- _EXERCISE BRIEF_
Among the entries below, please repeat exactly and only the lines from the line containing "Photo 1 of WDIRARA" to the line containing "Mode d'emploi JVC GR-SXM46", both lines included.

*** Opening of AVAILABLE DATA ***

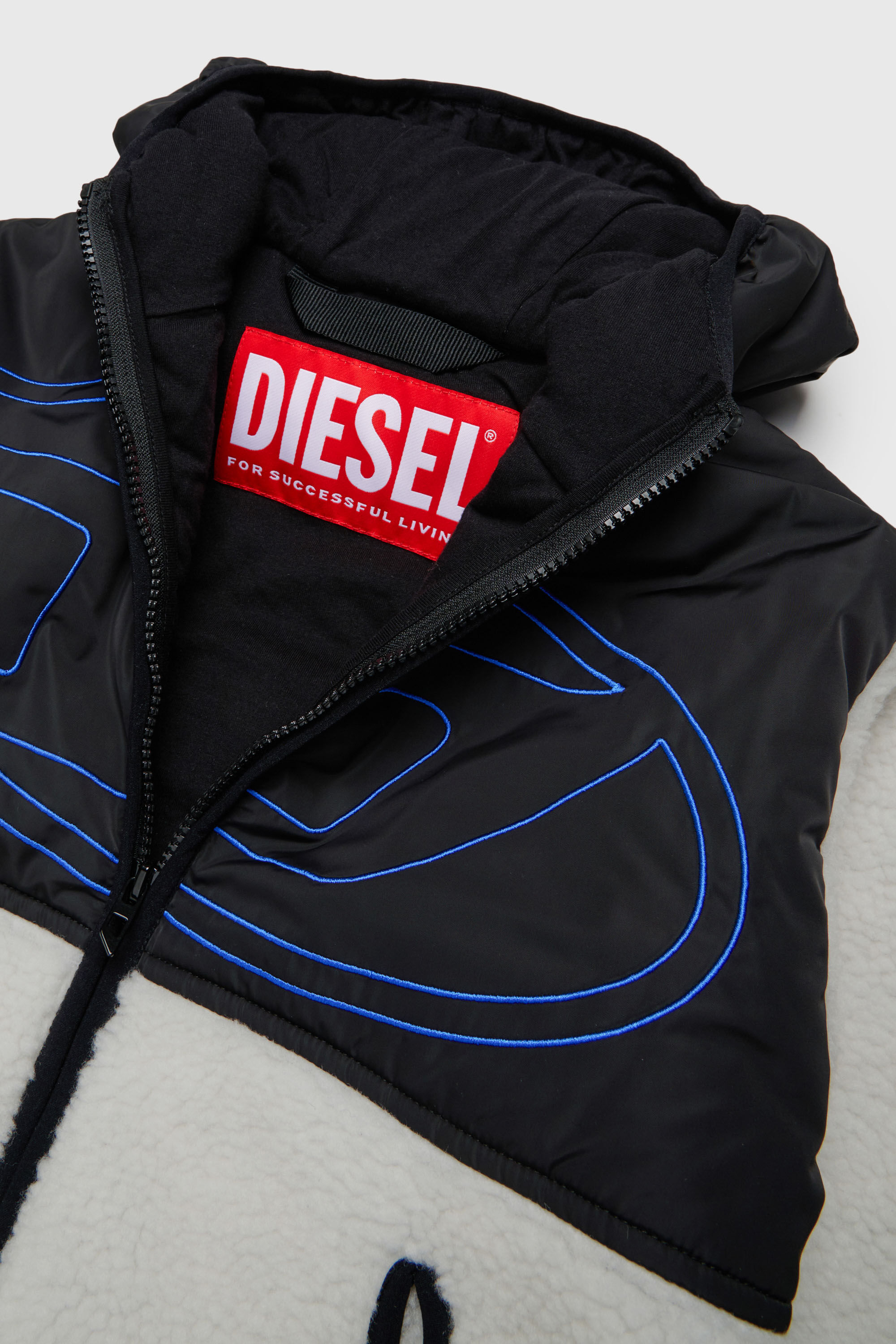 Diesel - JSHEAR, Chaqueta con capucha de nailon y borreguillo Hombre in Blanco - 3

*** Close of AVAILABLE DATA ***
*** Opening of AVAILABLE DATA ***

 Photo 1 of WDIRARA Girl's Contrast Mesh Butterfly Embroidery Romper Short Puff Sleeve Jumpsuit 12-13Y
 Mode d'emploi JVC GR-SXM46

*** Close of AVAILABLE DATA ***

- _RESPONSE_
 Photo 1 of WDIRARA Girl's Contrast Mesh Butterfly Embroidery Romper Short Puff Sleeve Jumpsuit 12-13Y
 Mode d'emploi JVC GR-SXM46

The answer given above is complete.